I'm only a grad student, so I don't know how researchers admit students, but when I was looking for a master thesis internship in academia, I also cold-emailed a professor at a top university, and ended up getting an internship offer. My application contained the usual material, but also a link to a small but non-trivial pull request to one of the professor's group's Coq projects on GitHub, and judging from what I heard later during a social hour, that did make a difference.

I also heard anecdotes of students who read the papers of the researchers they wanted to work with very thoroughly and found some technical mistakes, and emailed the author to ask why the paper said this surprising thing which they rather would expect to be that other thing, got a reply saying this was indeed a mistake, followed up by asking if there were PhD positions available, and eventually got admitted to the PhD program.

Good luck!

Sam


On Fri, 2020-04-17 at 18:23 +0000, Carl Patenaude-Poulin wrote:
Hi all,

I am a young software developer with a hobbyist's interest in formal methods,
including and especially Coq. I feel like I've taken what I could from working
in industry as a software engineer, and I am extremely interested in
transitioning to a career in research. I am humbly asking for pointers on
entering the field of PL, Coq and formal methods. I am also trying to adjust
my judgment with respect to what's realistic and what isn't for me.

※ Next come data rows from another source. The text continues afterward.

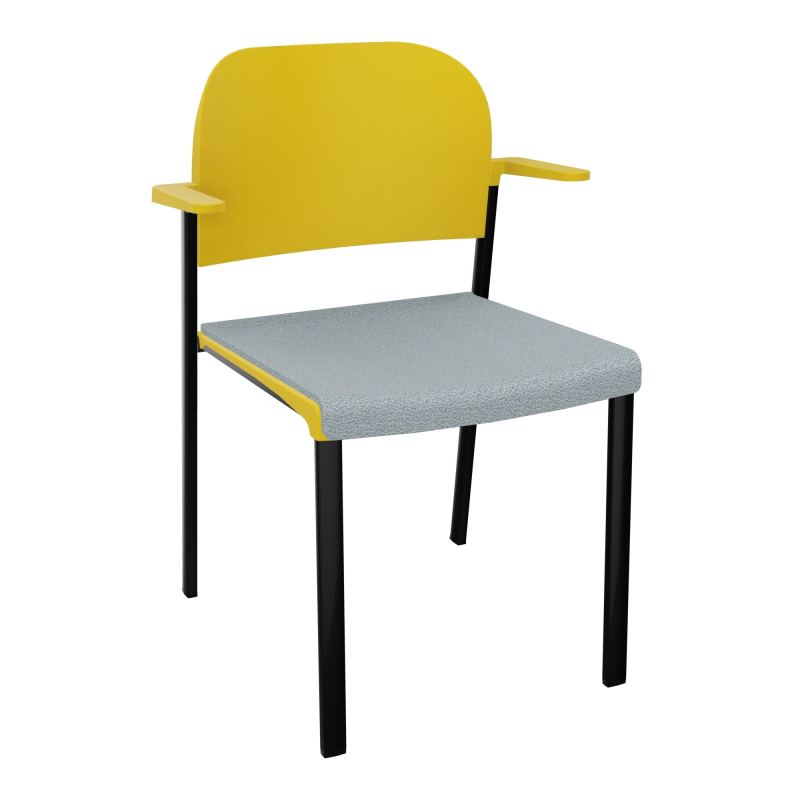 ROMY CHAISE 4P FIXES ASSISE TISSU DOSSIER POLYPRO AVEC ACCOUDOIRS  KD SG PW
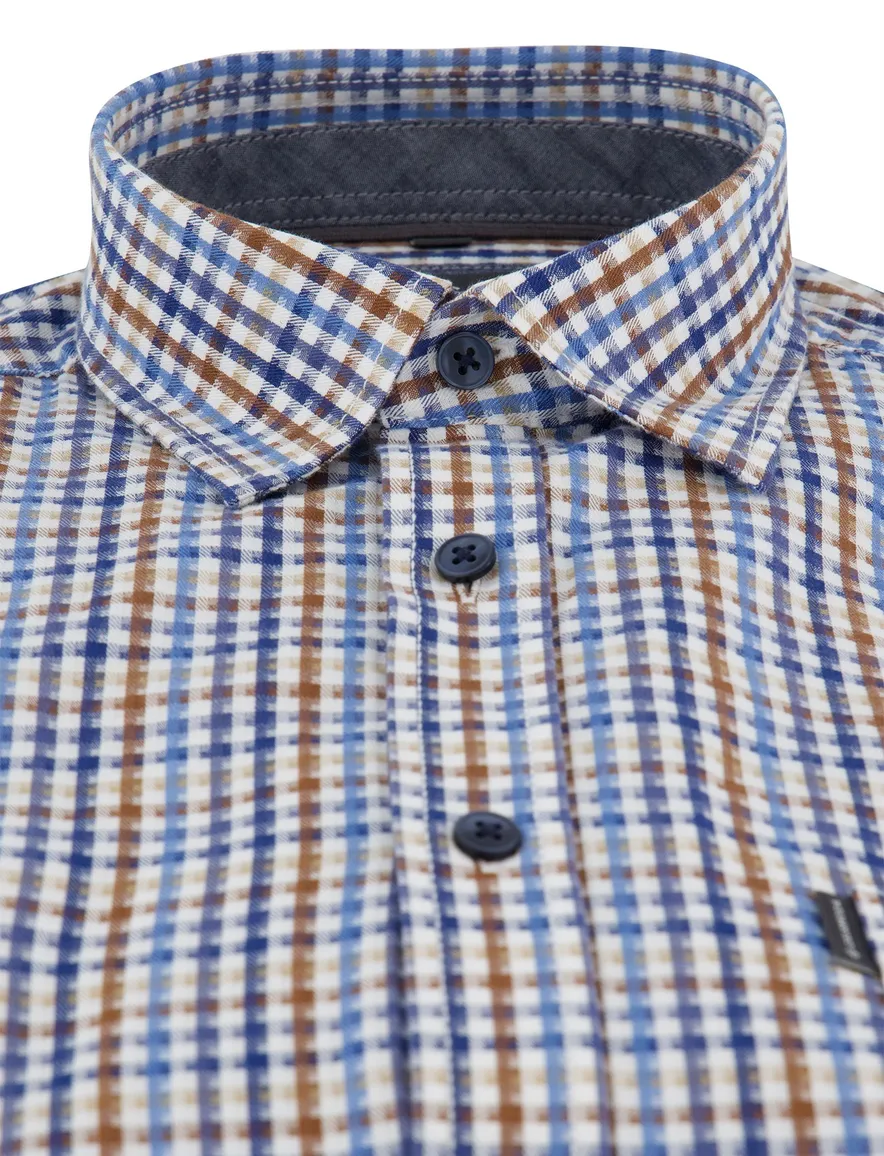 Casa Moda Casual Fit overhemd blauw met ruit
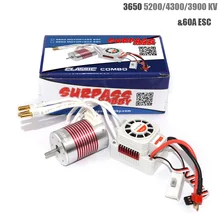Motor sem escova, motor à prova d'água de platina 3650 4300kv 3900kv 5200kv com 60a esc kit para 1/10 rc carro caminhão brinquedo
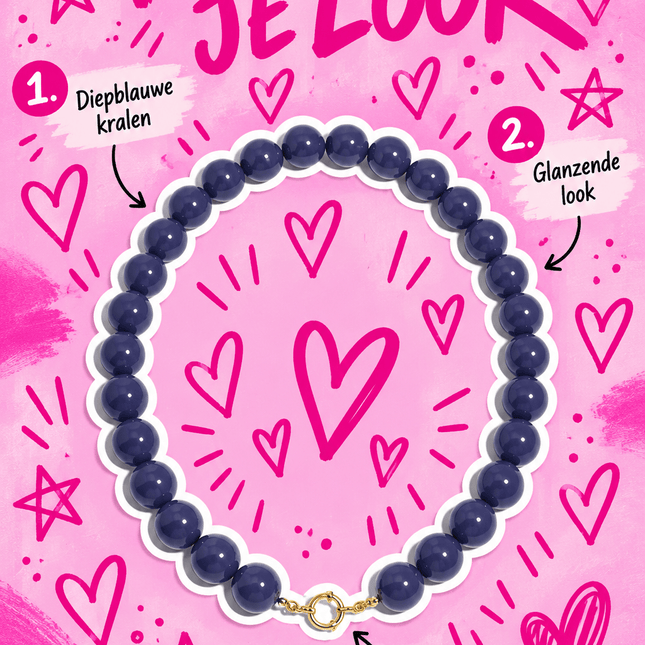 CHUNKY KETTING VEERLE NAVY - Hip is het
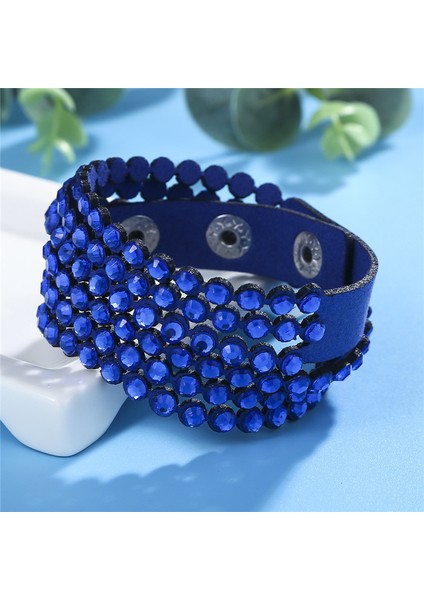 Yeşil Bilezikler Hocole Kristal Bileklik Taş Deri Bilezikler ve Bilezikler Sarma Çok Katmanlı Bilezikler Kadınlar Için Pulseras Mujer Moda Takı (Yurt Dışından)
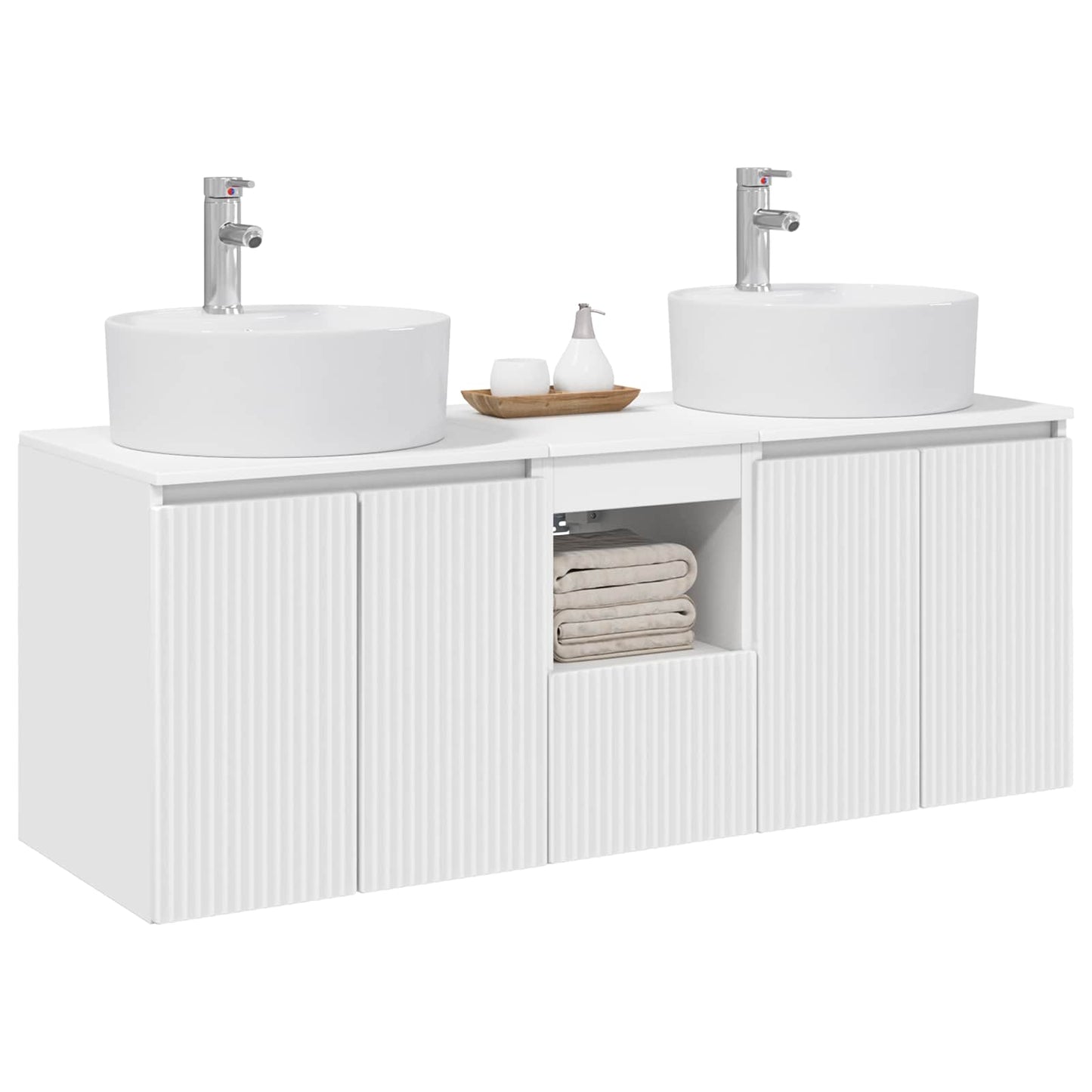 Baderomsskapsett 3 stk. Hvit 49,5 x 44,5 x 65 cm Konstruert tre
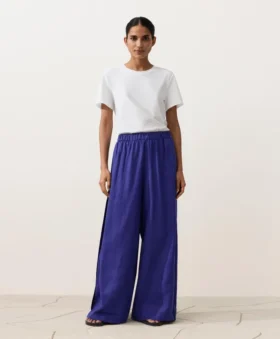 Pantalones de pierna ancha 100 % lino con pliegue lateral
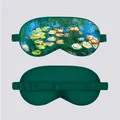 Detail of Monet water lily silk eye mask with printed art and elastic strap - Water Lilies in the Pond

My academic pedigree is underwhelming; I have an undergraduate degree with
middling grades (GPA 3.24/4.00), and do not have research experience. I am
confident I can do better after maturing for a few years in industry, but I am
not sure how to best make that case.

The first thing I've tried was cold-emailing a few researchers who I would be
enchanted to work for/study under. I've consciously aimed too high by writing
to those whose work I found the most interesting; not coincidentally, lots of
other people would like to work with them, and I'd imagine they have their
pick without taking a chance on cold emails from unknown undergraduates. I did
not receive strong returns, and halted this approach after I saw this bit on
Philip Wadler's page (http://homepages.inf.ed.ac.uk/wadler/phd.html) which
suggested that I had not been demonstrating sufficient effort in the emails I
sent:

>When you apply, pay particular attention to the research proposal. The
>purpose of this is not to fix an area of study, but to assess your ability to
>select a suitable research problem, to justify why it is interesting, and to
>express yourself clearly.

On to some questions:

- The blurb from Wadler's web page implies that cold emails should include a
  research proposal with a non-trivial amount of detail. Should I pick a
  problem and start working on it _before_ I apply for a PhD program?
- What approaches might I use for finding potential advisors that would be
  open to taking a chance on an unproved student? Surely it would be uncouth
  to email-blast the >100 authors of papers I've found interesting in the past
  few years? I don't want to make a bad name for myself when I've not even
  started working in the field.
- What should I include in such an email? I could put my CV and/or my
  undergrad transcript, would that be helpful? Should I attempt to signal that
  I've meaningfully engaged with the recipient's research (which I have,
  otherwise I wouldn't be writing to them)?
- One of my professors from undergraduate once offered to recommend me to a
  researcher they know, someone I would be enchanted to study under - this is
  probably a best case scenario, right? I should probably start by pursuing
  that?

All of my gratitude for your time and attention,

Carl Patenaude-Poulin
B Eng Software (McGill University)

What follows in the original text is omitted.